Temporary CROWN AND BRIDGE Resin is indicated for use as a temporary restorative material for crown and bridge, inlay, and/or onlay restorations.

Cosmedent TEMPORARY CROWN AND BRIDGE RESIN is a self-cure composite resin fabricated from difunctional acrylic monomers and silicaceous fillers. These materials have sufficient physical properties to function in the oral cavity for up to 90 days and have esthetic qualities that mimic natural tooth appearance.

The provided text describes a 510(k) submission for a medical device, a Temporary Crown and Bridge Resin. This type of submission is for demonstrating substantial equivalence to a predicate device, not typically for proving new performance against acceptance criteria through a clinical study of the type usually associated with AI/software devices. Therefore, many of the requested points related to AI/software performance studies are not applicable to this document.

However, based on the information provided, here's what can be extracted:

1. Table of Acceptance Criteria and Reported Device Performance:

The "acceptance criteria" in this context are the physical and mechanical properties of the predicate device (Luxatemp) that the applicant device (Cosmedent TEMPORARY C&B Filling Material) aims to be substantially equivalent to. The reported performance is the measured properties of the Cosmedent device.

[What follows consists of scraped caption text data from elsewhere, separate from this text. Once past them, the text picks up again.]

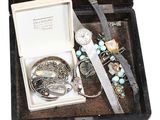 a black case with a bunch of jewelry inside of it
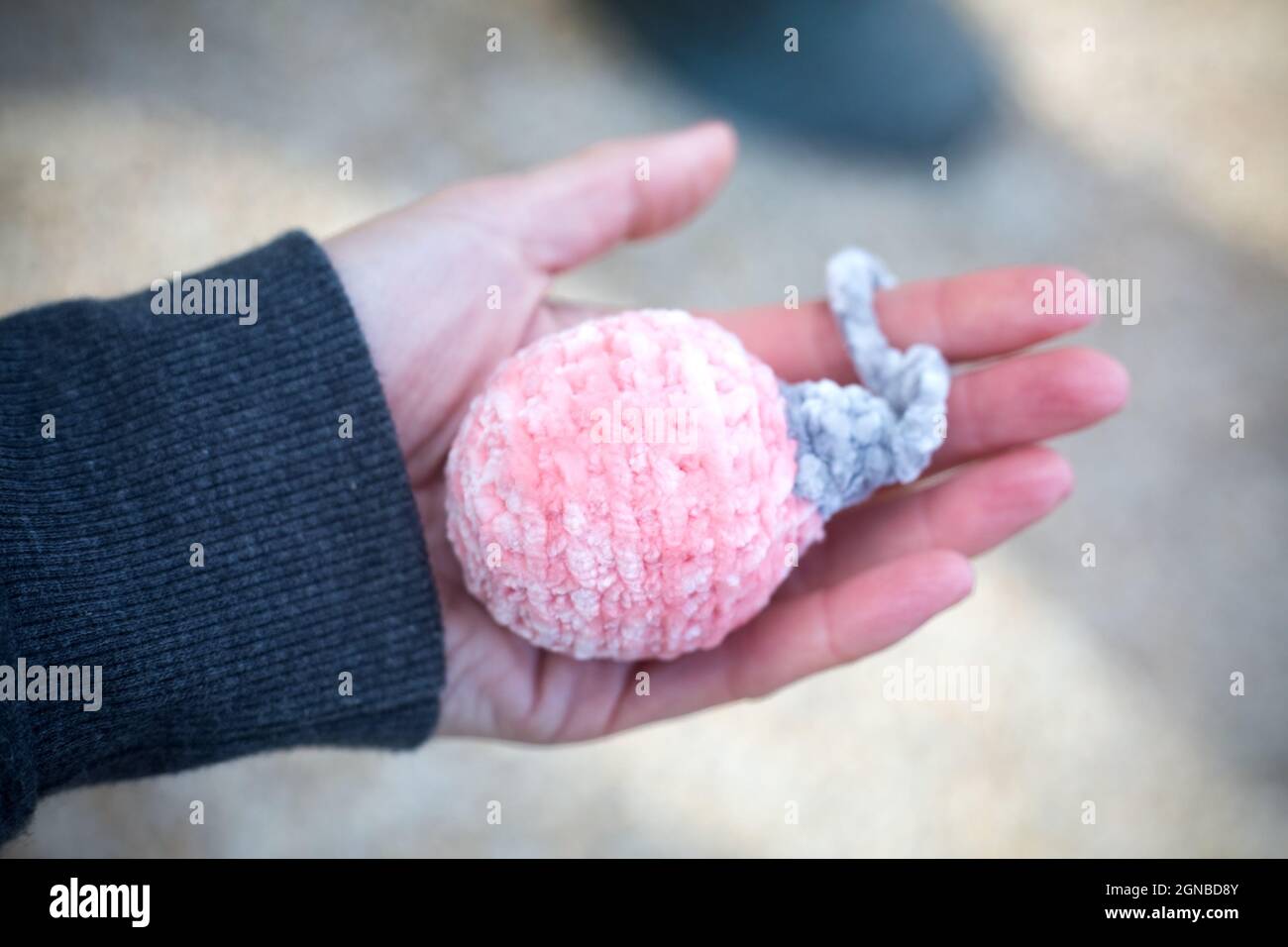 Rose año nuevo bola amigurumi en la mano de la mujer al aire libre. Tejido de peluche de hilo suave para la decoración navideña. Regalos navideños hechos a mano. Fabricación Foto de stock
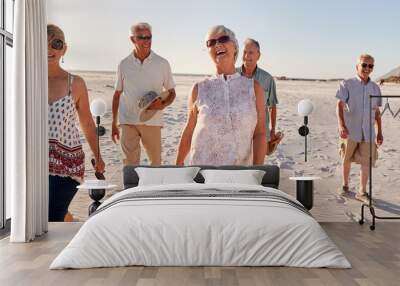 Group Of Senior Friends Walking Along Sandy Beach On Summer Group Vacation Wall mural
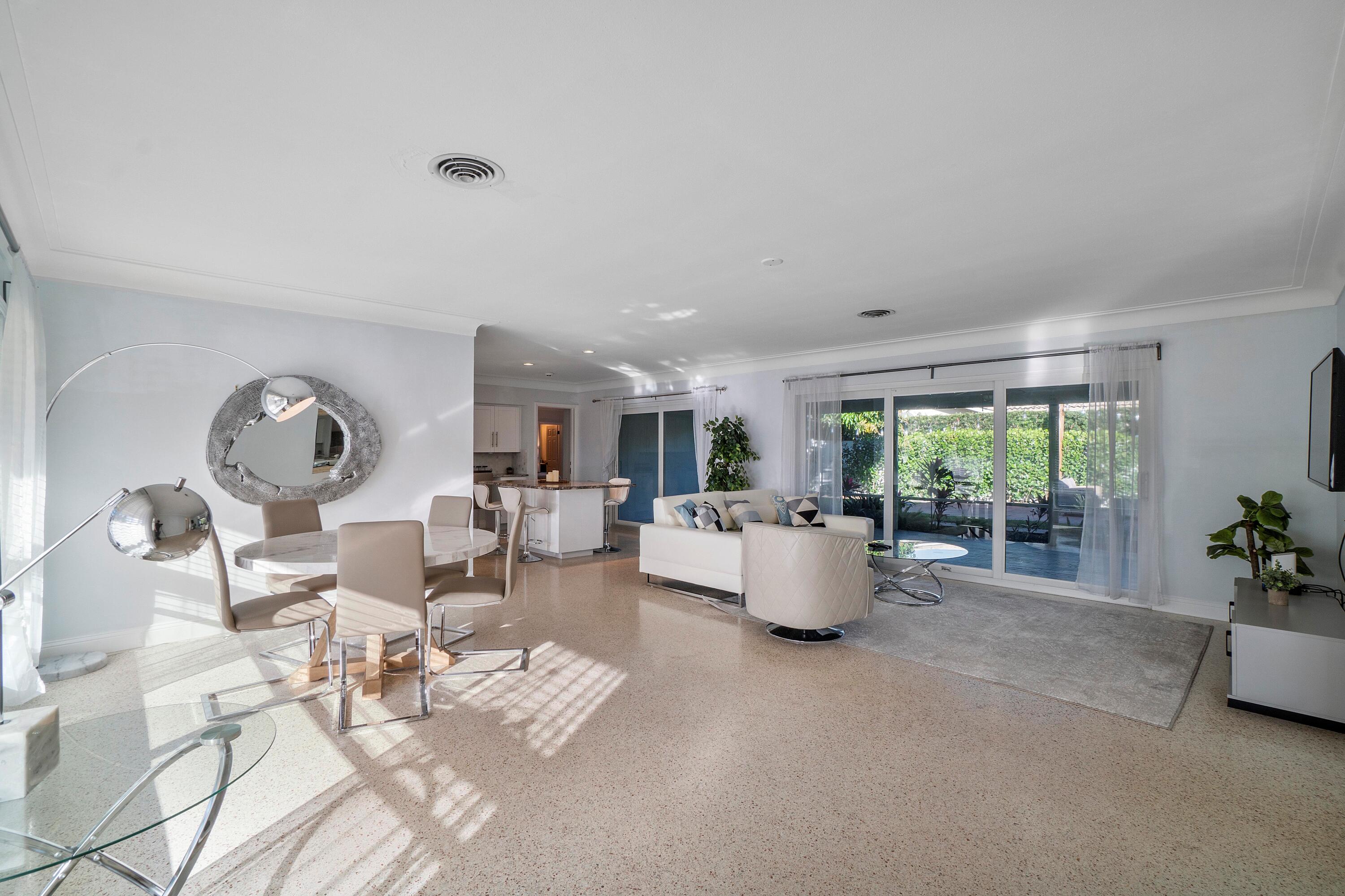 2900 Spanish River Road Boca Raton, FL 33432 - Photo 9 of 25 a living room with furniture and a large window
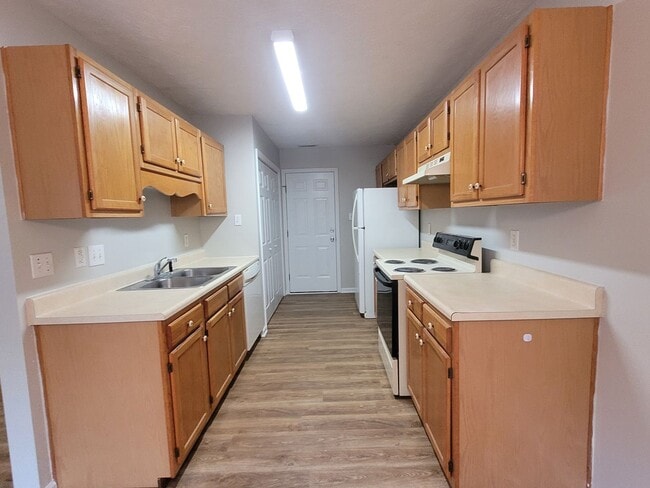 Photo - LVP floors, Large Yard! 3 BRM, 2 BHs, Double Garage!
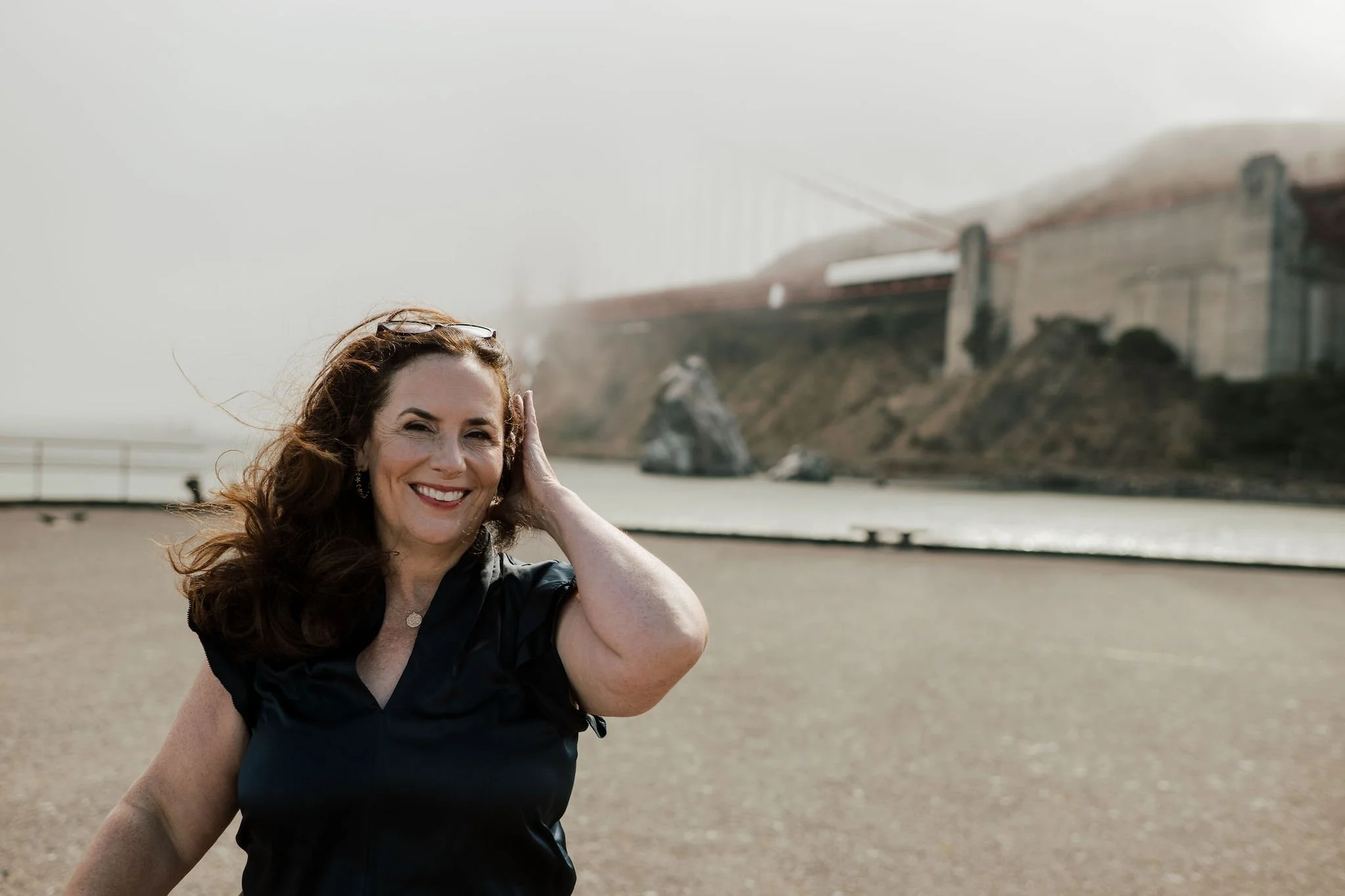 A woman with shoulder-length brown hair, smiling, holding her hair back with one hand, standing on a beach with a foggy bridge and rocky cliffs in the background.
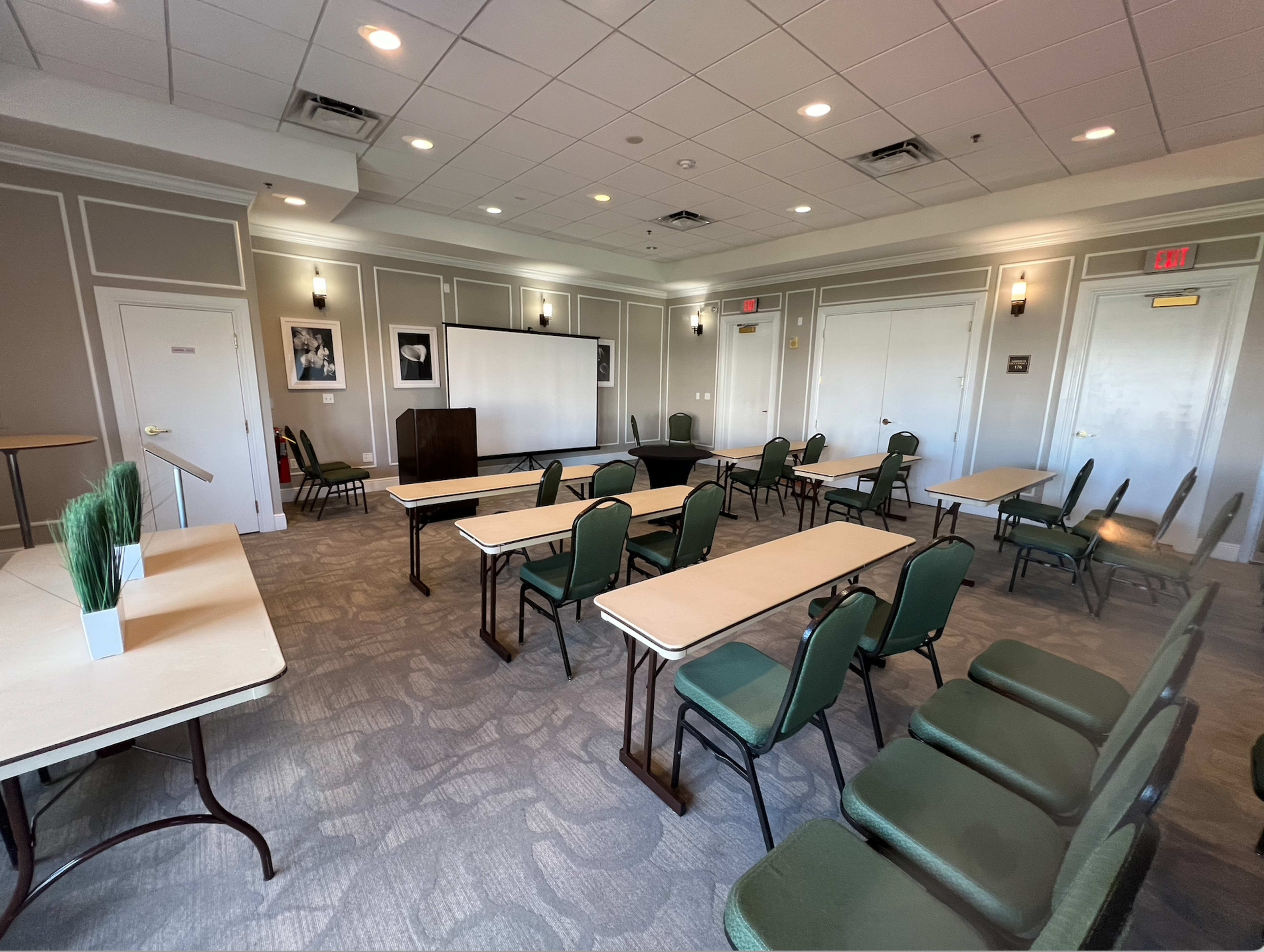 The image shows a meeting room with multiple tables arranged in rows and green chairs positioned around them.
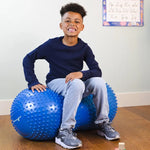 A child sits in the middle of the Peanut Stability Ball and smiles at the camera.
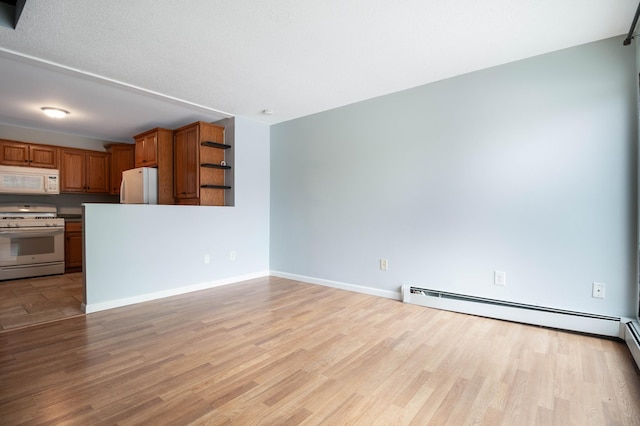 unfurnished living room with light hardwood / wood-style floors, a textured ceiling, and a baseboard radiator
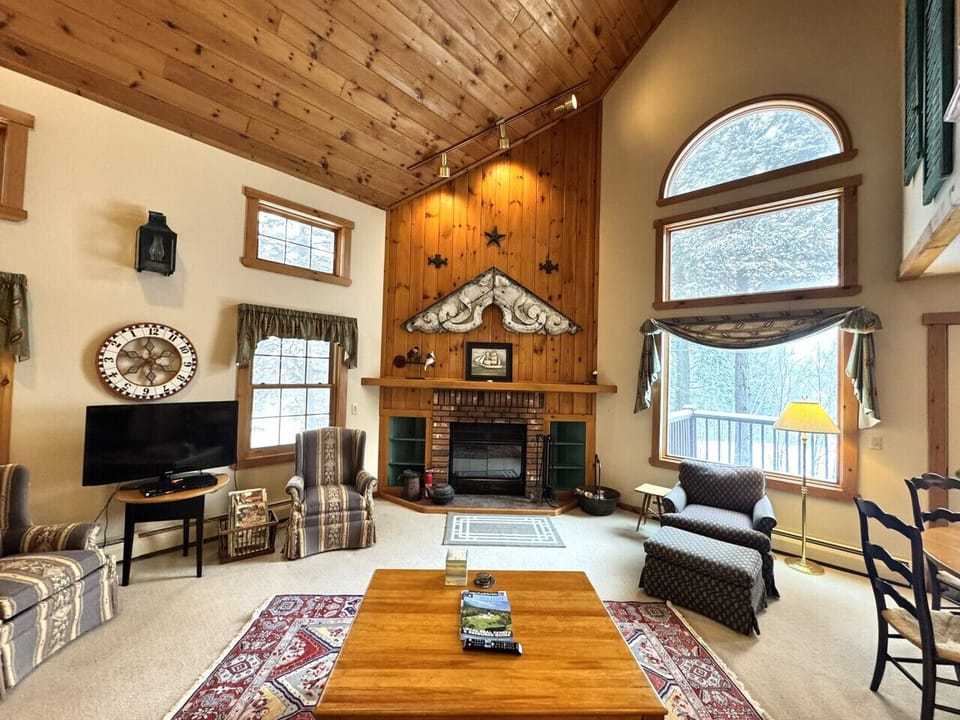 Opening Living room with wood burning fireplace and 50` TV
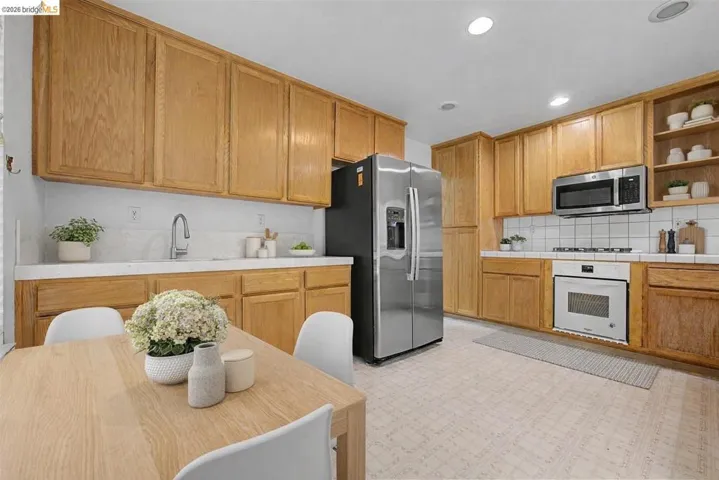 Kitchen featuring open shelves, light flooring, stainless steel appliances, tile counters, and recessed lighting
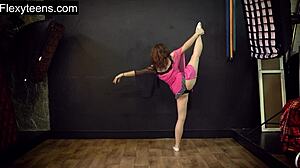 Hot teen flexible model stretches naked in gym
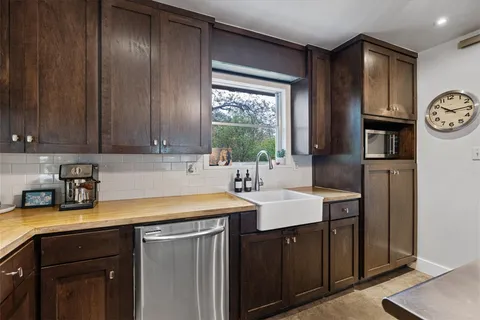 a kitchen with a sink cabinets and window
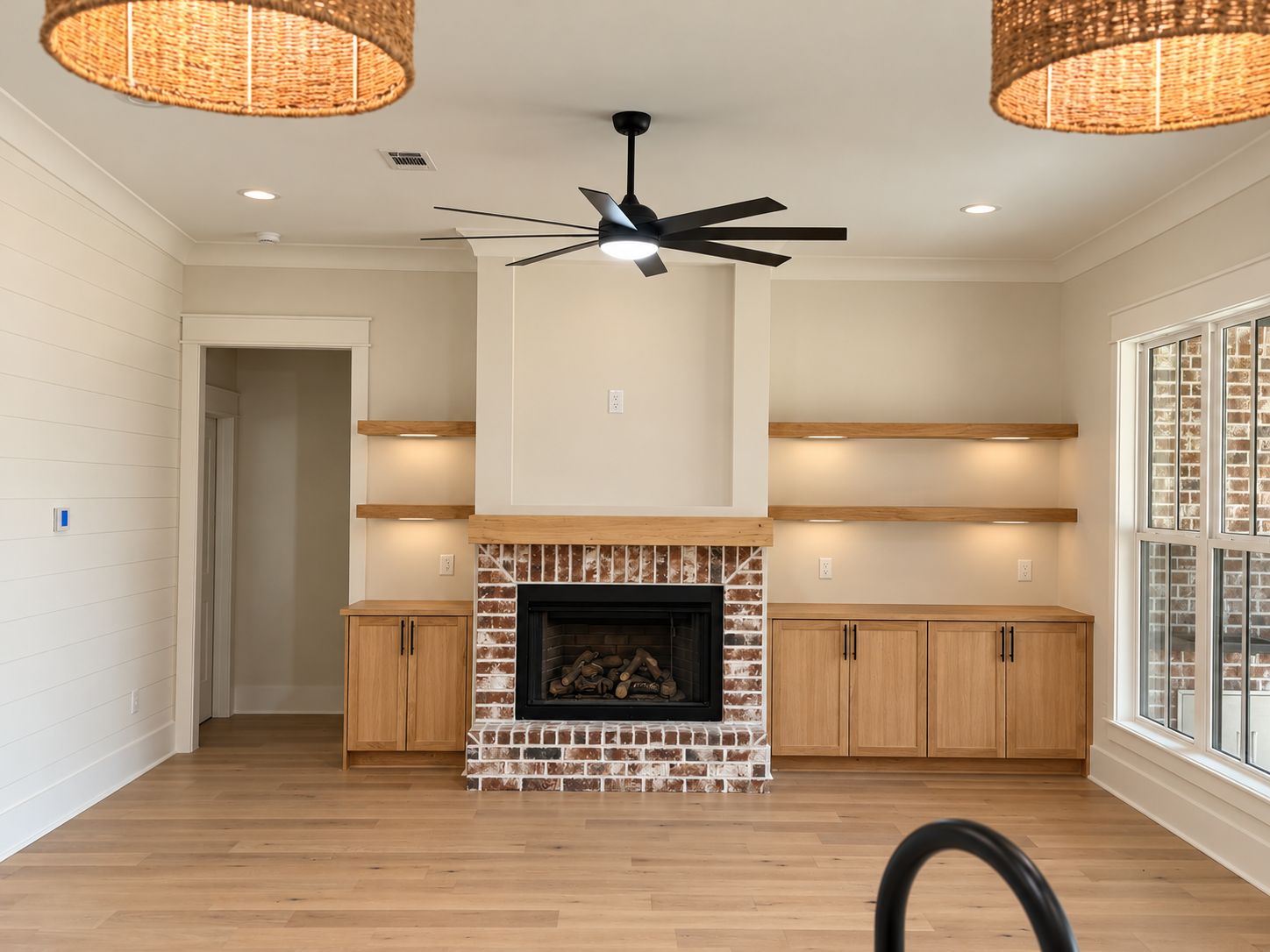 Living room with wood flooring, a brick fireplace, wood built-in cabinets, and woven pendant lights.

2. Sample size used for the test set and the data provenance: Not applicable. This document pertains to material properties testing, not a clinical study with a "test set" in the context of AI/software or diagnostic performance. The testing would have been conducted in a laboratory setting. No information on the number of samples tested for the material properties is provided.

3. Number of experts used to establish the ground truth for the test set and the qualifications of those experts: Not applicable. Ground truth for material properties like compressive strength is established through standardized laboratory testing methods, not expert consensus.

4. Adjudication method for the test set: Not applicable. Material properties are measured objectively.

5. If a multi reader multi case (MRMC) comparative effectiveness study was done, If so, what was the effect size of how much human readers improve with AI vs without AI assistance: Not applicable. This is not an AI/software device.

6. If a standalone (i.e. algorithm only without human-in-the loop performance) was done: Not applicable. This is not an AI/software device.

7. The type of ground truth used: For the material properties (compressive strength, flexural strength, percent filler by weight, radiopacity), the ground truth is established through objective laboratory measurements following established standards for dental materials.

8. The sample size for the training set: Not applicable. This is not an AI/software device with a training set.

9. How the ground truth for the training set was established: Not applicable. This is not an AI/software device.